#### BRIEF
Transcribe each line below verbatim; pictures excluded.

#### Extracted records
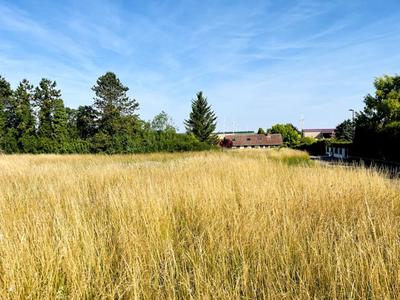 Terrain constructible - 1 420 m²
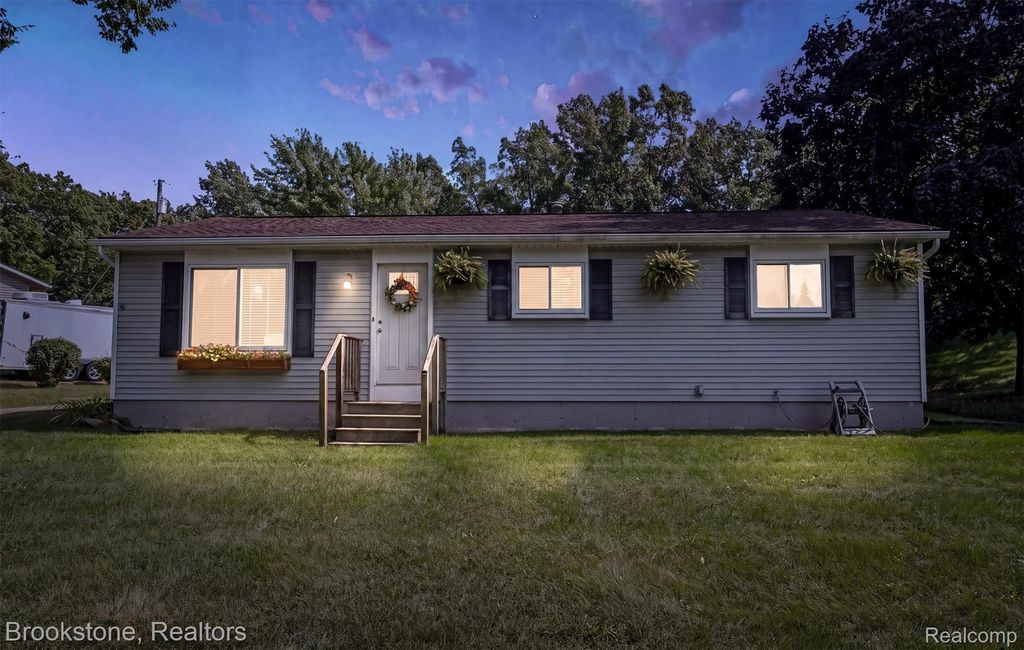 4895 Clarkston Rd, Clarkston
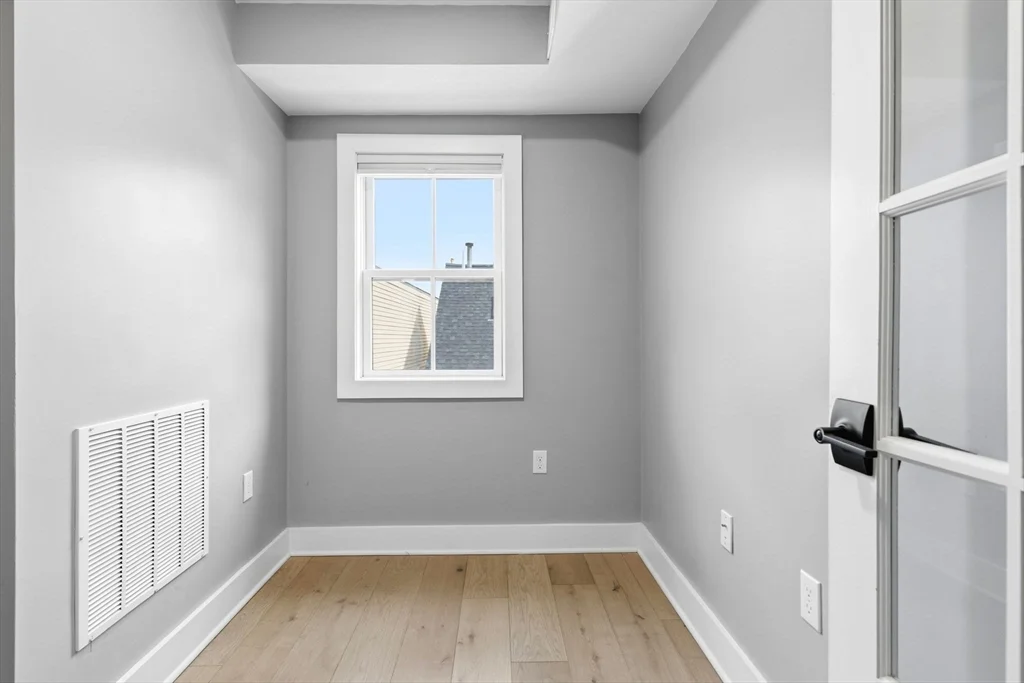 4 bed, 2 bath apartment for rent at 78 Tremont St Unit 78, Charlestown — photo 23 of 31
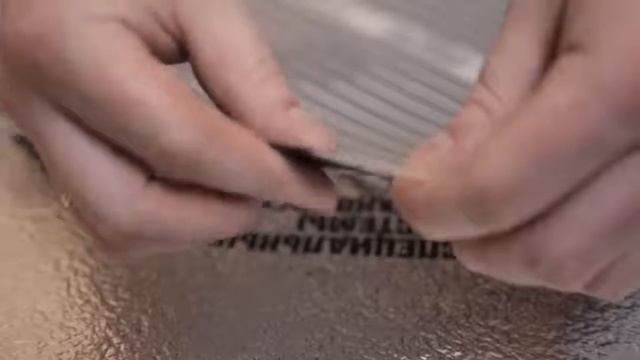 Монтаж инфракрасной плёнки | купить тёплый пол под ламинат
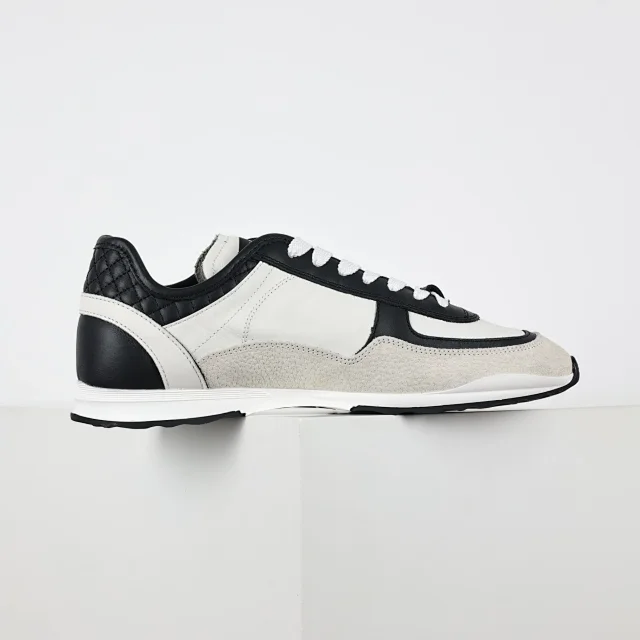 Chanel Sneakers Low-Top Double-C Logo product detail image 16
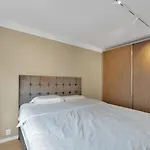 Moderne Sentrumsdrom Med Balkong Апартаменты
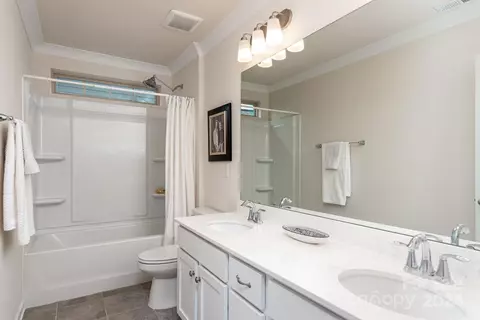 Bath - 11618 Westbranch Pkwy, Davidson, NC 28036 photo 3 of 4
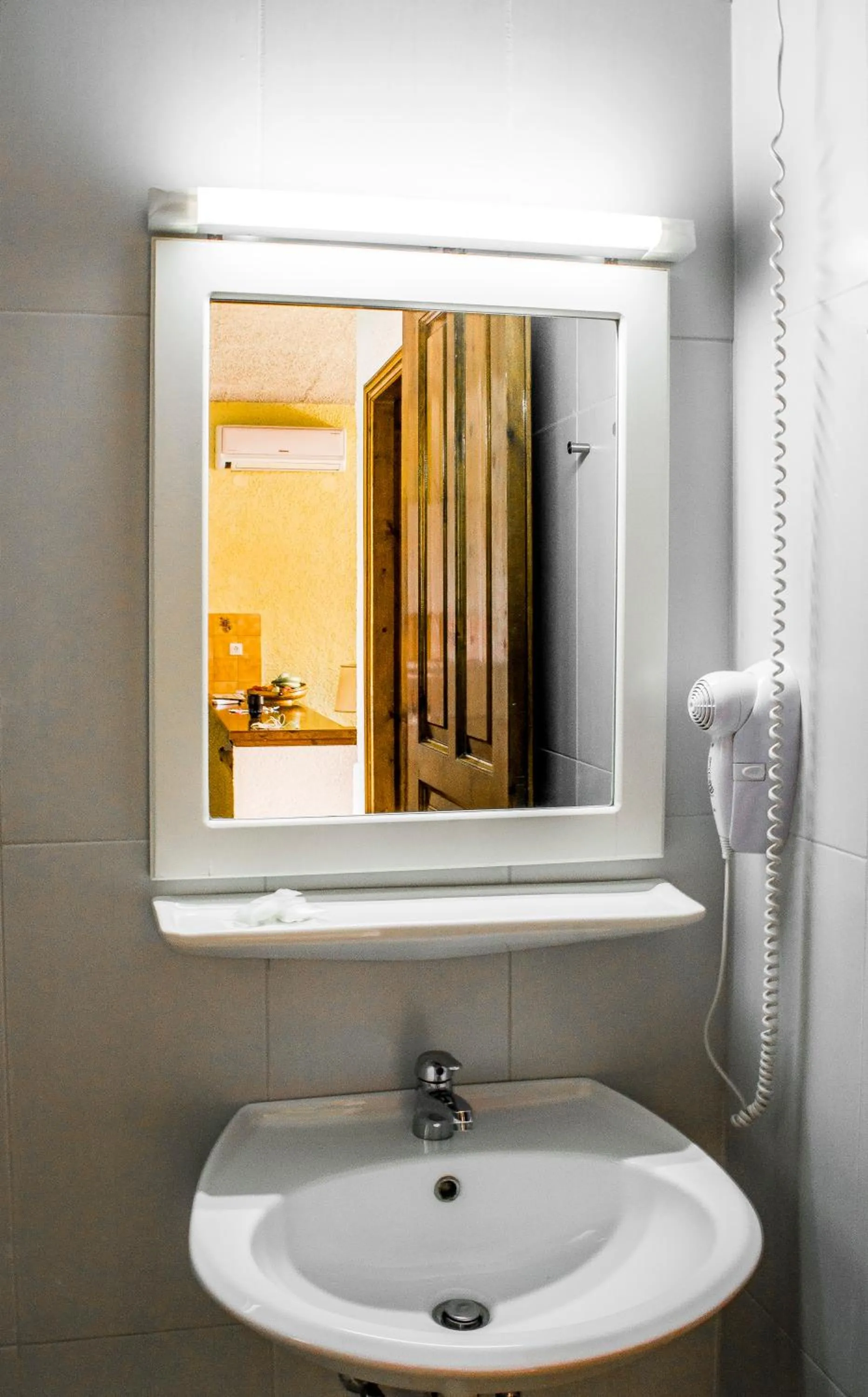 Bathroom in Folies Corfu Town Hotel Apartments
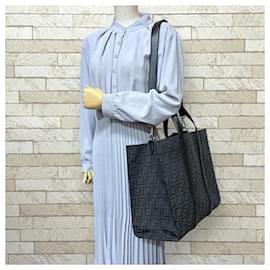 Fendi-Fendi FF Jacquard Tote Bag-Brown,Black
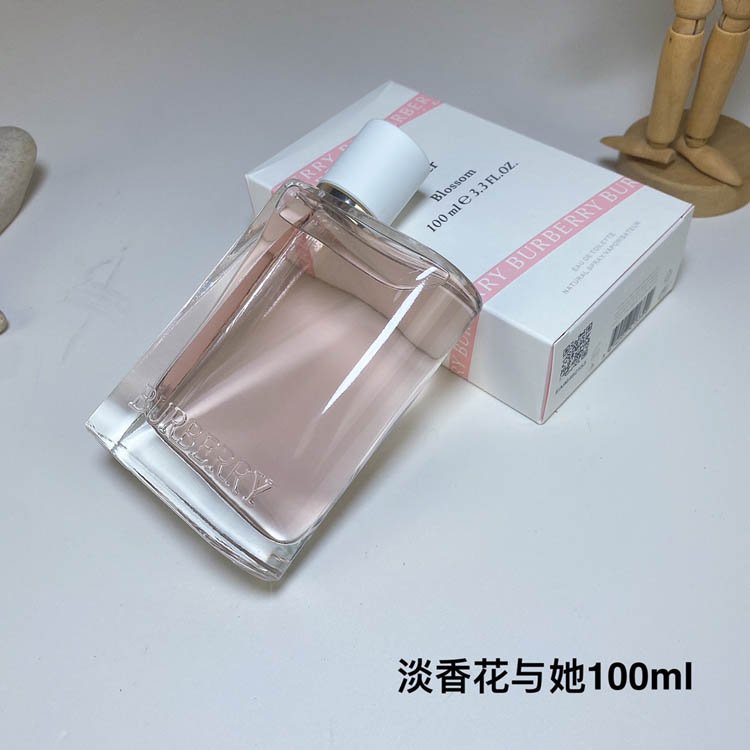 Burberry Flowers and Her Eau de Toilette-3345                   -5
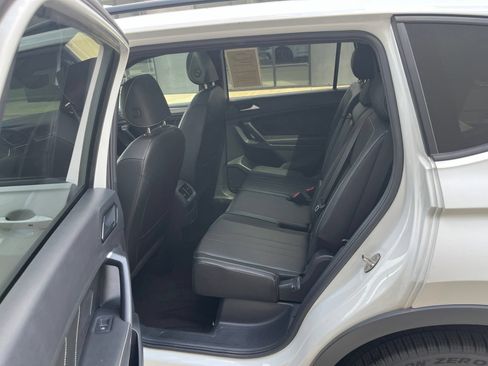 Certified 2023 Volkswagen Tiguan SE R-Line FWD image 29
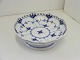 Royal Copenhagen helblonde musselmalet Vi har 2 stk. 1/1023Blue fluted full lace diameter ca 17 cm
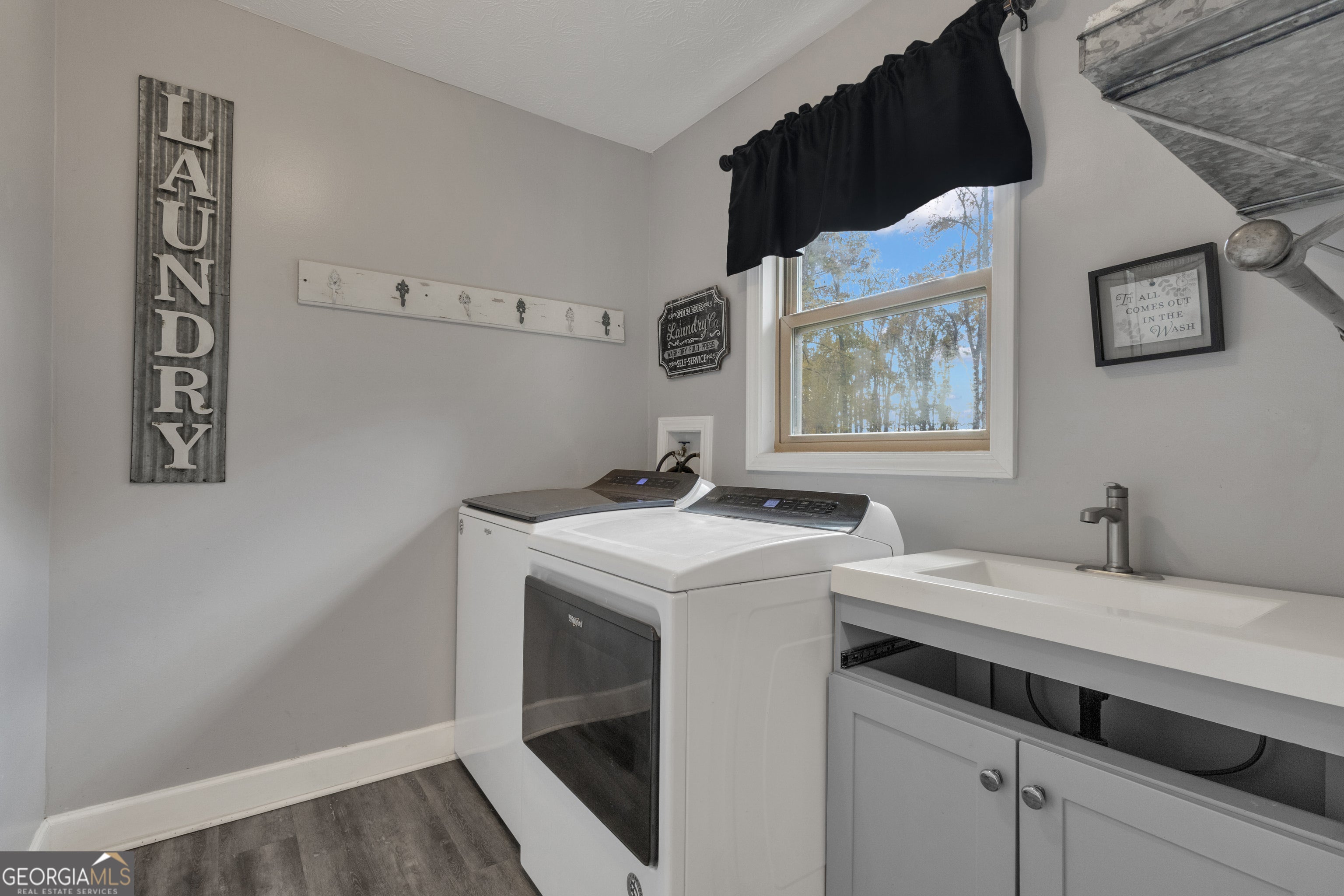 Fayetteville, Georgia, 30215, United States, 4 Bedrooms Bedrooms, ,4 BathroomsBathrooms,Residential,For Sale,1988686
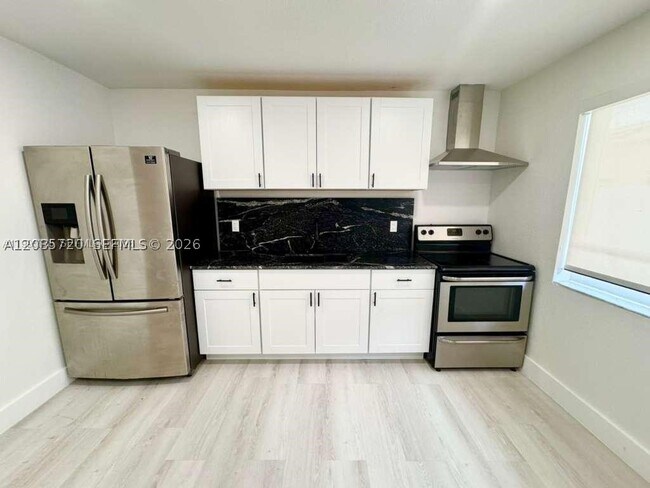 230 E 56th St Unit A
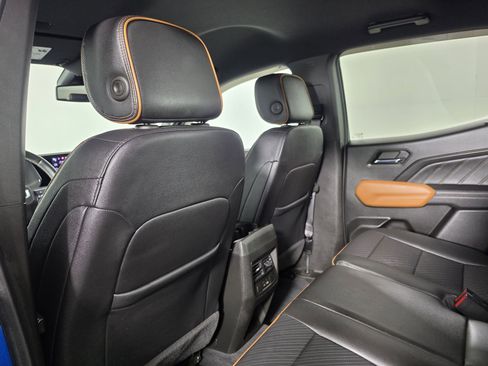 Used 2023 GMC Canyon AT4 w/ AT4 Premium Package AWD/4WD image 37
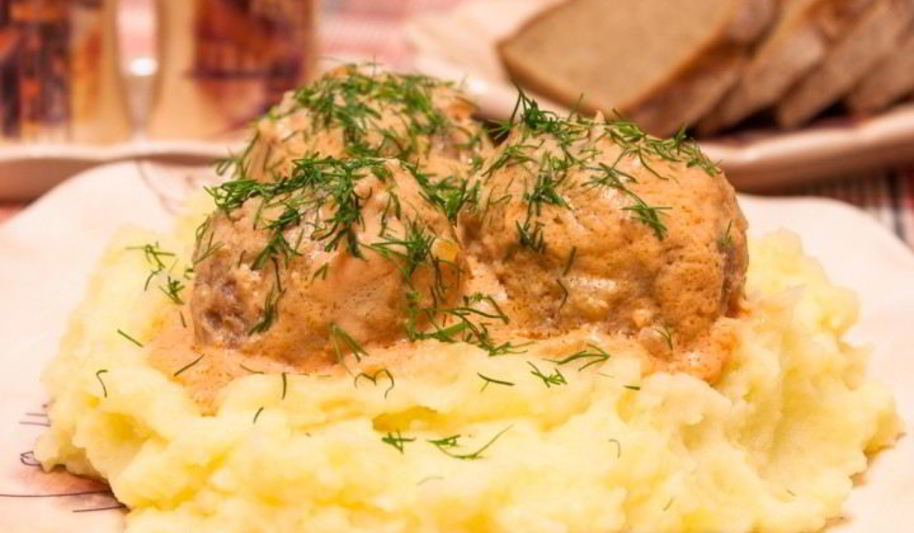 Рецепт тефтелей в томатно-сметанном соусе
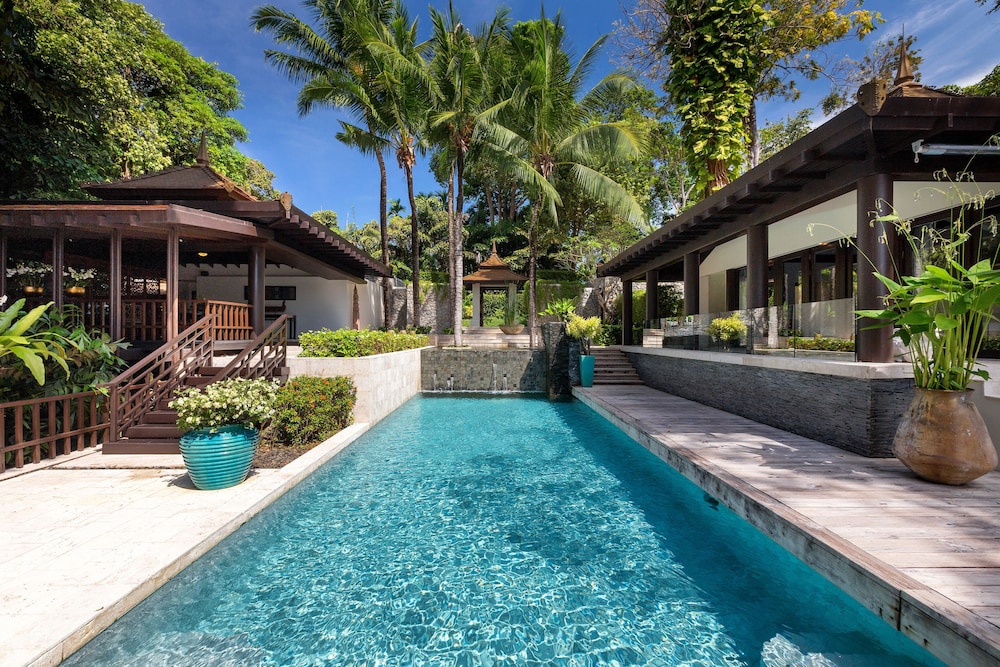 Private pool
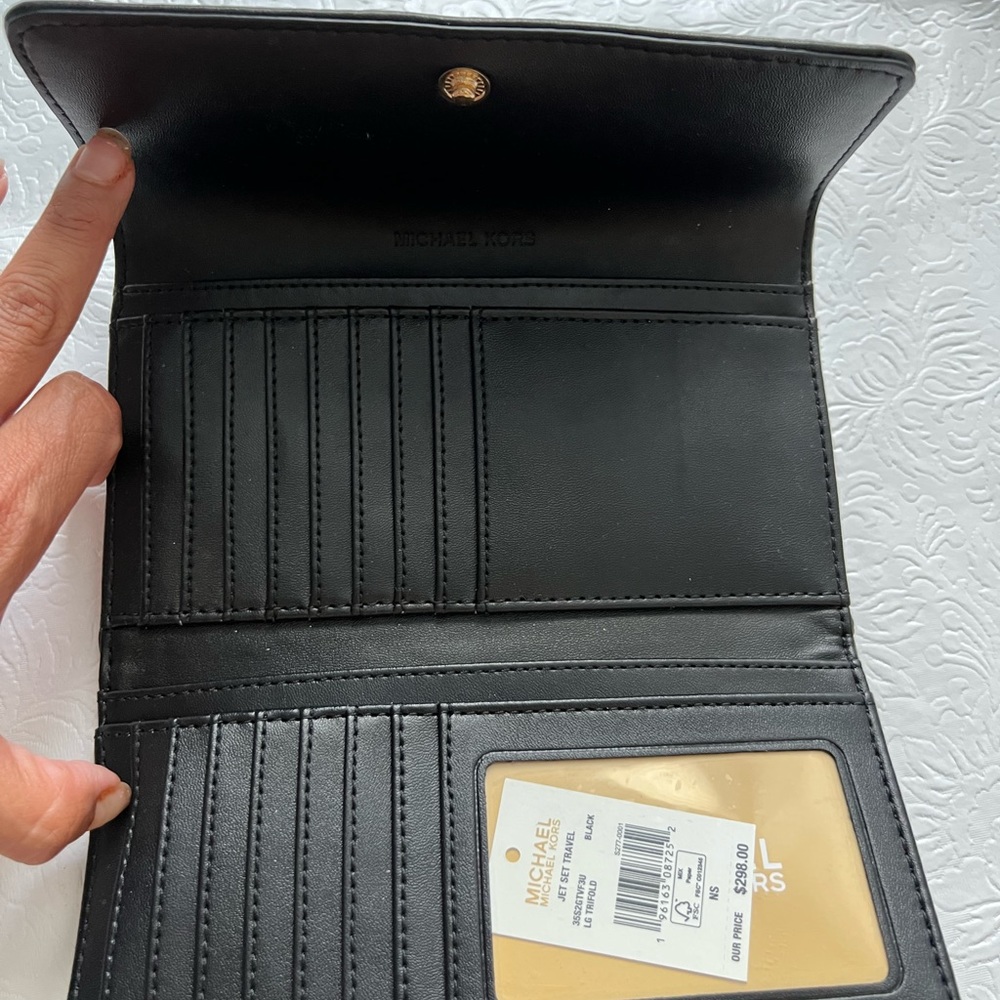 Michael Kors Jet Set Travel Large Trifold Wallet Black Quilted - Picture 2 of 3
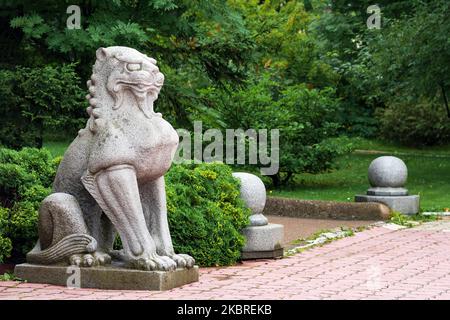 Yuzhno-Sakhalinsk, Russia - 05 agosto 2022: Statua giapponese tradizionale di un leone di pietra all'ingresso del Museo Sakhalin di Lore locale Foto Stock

#### REPLY TO THE EXERCISE
 Terrain constructible - 1 420 m²
 4895 Clarkston Rd, Clarkston
 4 bed, 2 bath apartment for rent at 78 Tremont St Unit 78, Charlestown — photo 23 of 31
 Монтаж инфракрасной плёнки | купить тёплый пол под ламинат
 Chanel Sneakers Low-Top Double-C Logo product detail image 16
 Moderne Sentrumsdrom Med Balkong Апартаменты
 Bath - 11618 Westbranch Pkwy, Davidson, NC 28036 photo 3 of 4
 Bathroom in Folies Corfu Town Hotel Apartments
 Fendi-Fendi FF Jacquard Tote Bag-Brown,Black
 Burberry Flowers and Her Eau de Toilette-3345                   -5
 Certified 2023 Volkswagen Tiguan SE R-Line FWD image 29
 Royal Copenhagen helblonde musselmalet Vi har 2 stk. 1/1023Blue fluted full lace diameter ca 17 cm
 Fayetteville, Georgia, 30215, United States, 4 Bedrooms Bedrooms, ,4 BathroomsBathrooms,Residential,For Sale,1988686
 230 E 56th St Unit A
 Used 2023 GMC Canyon AT4 w/ AT4 Premium Package AWD/4WD image 37
 Рецепт тефтелей в томатно-сметанном соусе
 Private pool
 Michael Kors Jet Set Travel Large Trifold Wallet Black Quilted - Picture 2 of 3
 Yuzhno-Sakhalinsk, Russia - 05 agosto 2022: Statua giapponese tradizionale di un leone di pietra all'ingresso del Museo Sakhalin di Lore locale Foto Stock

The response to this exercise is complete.